House debates
Wednesday, 12 November 2008
Social Security and Other Legislation Amendment (Economic Security Strategy) Bill 2008; Appropriation (Economic Security Strategy) Bill (No. 1) 2008-2009; Appropriation (Economic Security Strategy) Bill (No. 2) 2008-2009
Second Reading
1:39 pm
Stuart Robert (Fadden, Liberal Party) Share this | Hansard source
Thank you, Mr Deputy Speaker. The government have no modelling, no analysis and no research on $10.4 billion worth of expenditure. They are asking this nation to take them on trust. I am simply pointing out why you cannot trust this Treasurer and this Prime Minister. This Treasurer changes his mind daily.
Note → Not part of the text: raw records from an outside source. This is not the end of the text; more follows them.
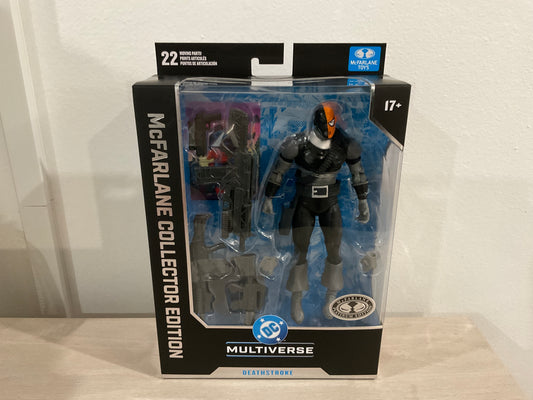 Deathstroke (The Terminator) 7″ Platinum Chase – McFarlane DC Multiverse Collector Edition #46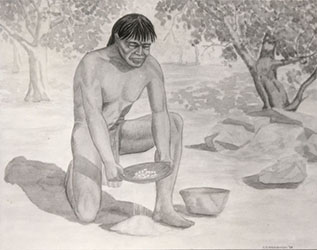 Loinclothed hobby; Obr�zek dne - the picture od the day - �awa rel - Miwok indian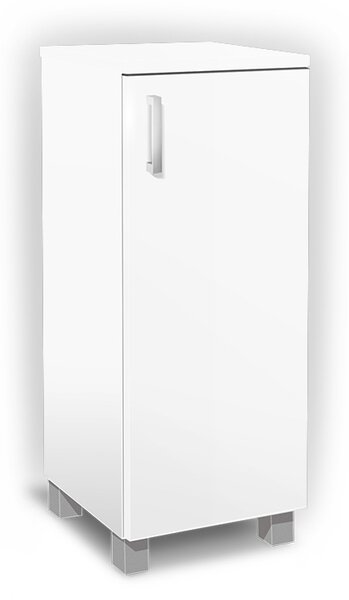 Kúpeľňová skrinka K6 farba korpusu: Bielý, farba dvierok: Bielé lamino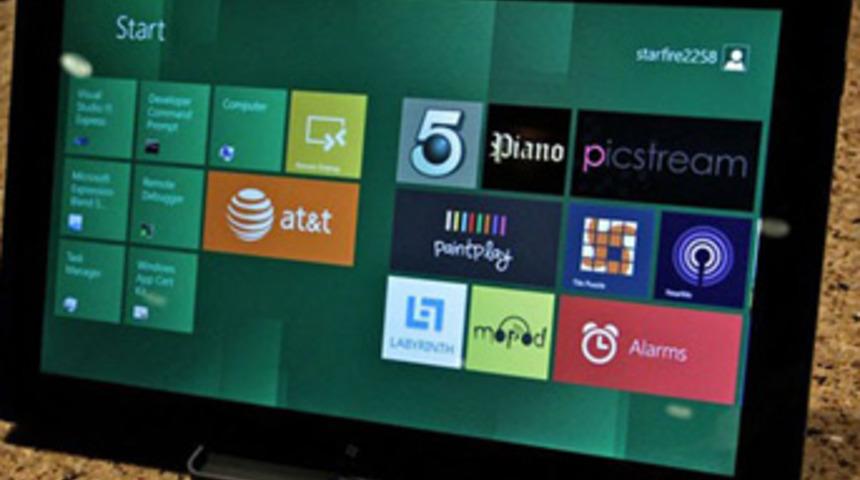 Windows 8 değil, Windows RT!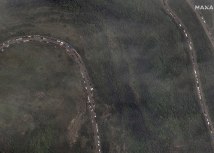 Satelitski snimak kolone izbeglica FOTO Tanjug/Satellite image ©2023 Maxar Technologies via AP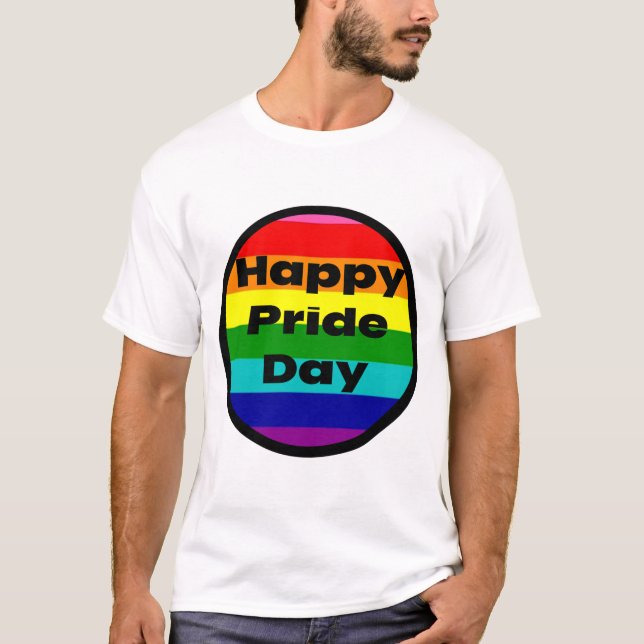 Camiseta Feliz Día del Orgullo Gay (Anverso)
On Wednesday three weeks ago he indicated that a deposit tax would be compulsory over $1 million. The next day he changed his mind and Friday he changed it again. We have a PM that unconditionally guarantees deposits without any modelling, research or analysis, causing 13 of the 20 top cash and property management trusts to freeze redemptions. That has left something like 200,000 Australians without access to their money. And the member for Oxley has the hide, the audacity and the blatant effrontery to walk into this House and say that all Australians are happy with the unconditional guarantee and that even those who it does not affect are happy! Perhaps the member for Oxley should speak to the 200,000 Australians who have redemptions frozen and ask whether they are happy. We have a Treasurer who changed his mind three times regarding covered or naked sells. The trouble with his policy position caused the stock market to delay opening by an hour as the position was worked out. If this is the basis upon which we are called to trust the Prime Minister and Treasurer, forgive me if I do not share that trust.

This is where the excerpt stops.